The bail-in rules demand that private investors must suffer some losses before public money is used to rescue a bank.
But in the case of Monte dei Paschi, Italy used an exception built into the new rules to avoid a bail-in of senior bond and savings account holders, thereby setting a dangerous precedent for other crisis-struck lenders in Italy and beyond.
"A bail-in of savers would cause a revolt in Italy and could bring down the whole euro project by boosting anti-euro parties," one source told Reuters.
Imposing losses on creditors, who sometimes include small savers, is economically damaging and politically painful at a time when public resentment towards the European Union is running high and elections loom in key countries.
Against this backdrop, banks are struggling to raise the capital they need to deal with unpaid loans accumulated during the economic downturn.
The head of the German banking association, Michael Kemmer, has said Rome's approval of a "precautionary recapitalization" of Monte dei Paschi just before Christmas, after the bank failed to find enough private investors to back its capital increase, puts regulators' credibility at risk.
Ratings agency Moody's said the rescue, which is awaiting European Commission approval, "raises questions regarding the European authorities' commitment to follow strictly the ... bail-in provisions to resolve troubled banks".
"The SRB is the most useless institution in Europe because no-one dares to use it at the moment," one European regulator said of the euro zone's Single Resolution Board, which is in charge of bail-ins.
But its head Elke Koenig said last week she had no concerns about the application of the directive, while an EC spokesperson said the rules "apply on a case-by-case basis to a specific bank in its specific circumstances".

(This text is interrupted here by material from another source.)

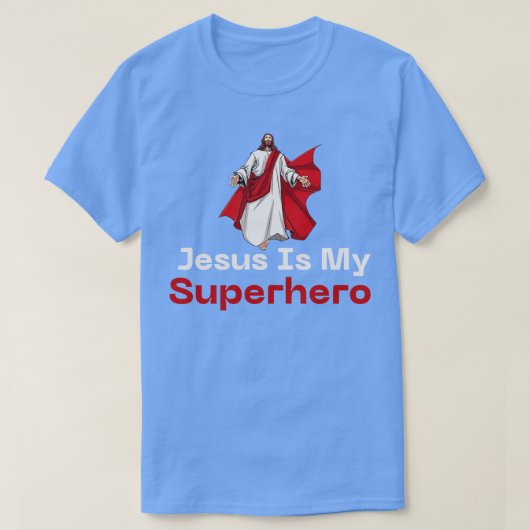 イエス・スーパーヒーロー Tシャツ (デザイン正面)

The SRB's Koenig may find her faith is put to the test soon, with a number of smaller Italian banks still trying to raise capital and Italy's top lender, UniCredit in the process of raising 13 billion euro ($14 billion) through a cash call.
"A first round of losses must be absorbed by the state if the banking system is to be rescued," Gennaro Pucci, head of investment firm PVE Capital, said, estimating around 100 billion euros in public money may be needed.
Cleaning up balance sheets has been a key objective of the European Central Bank, which wants to bring down the amount of bad loans to free up resources for fresh lending.
This risks backfiring, however, if banks try to sell more non-performing loans (NPLs) and shares than investors are prepared to buy.
"In the end, the ECB’s effort to clean up banks' balance sheets too quickly may be counterproductive," Marco Troiano, a director at ratings agency Scope, said.
"At present, there's just not enough appetite out there to buy the NPLs and subscribe capital increases on a wide scale."
Even in euro zone countries where bailouts took place before the new rules, some banks are still not out of the woods.
Portugal's Novo Banco, the so called 'good bank' carved out of the collapsed Banco Espirito Santo, and Germany's HSH Nordbank may need further state help if they can't find buyers.
U.S. hedge fund Lone Star, the top bidder for government-owned Novo Banco, has asked for a state guarantee on its investment, prompting calls from two leftist parties that prop up Portugal's minority government that the firm be nationalized instead.
Bailed out during the crisis, HSH Nordbank has until February 2018 to find a buyer or be wound down.
The bank's management says it has a good chance of finding an investor. But some question whether it would be allowed to go under even it did not manage to do so.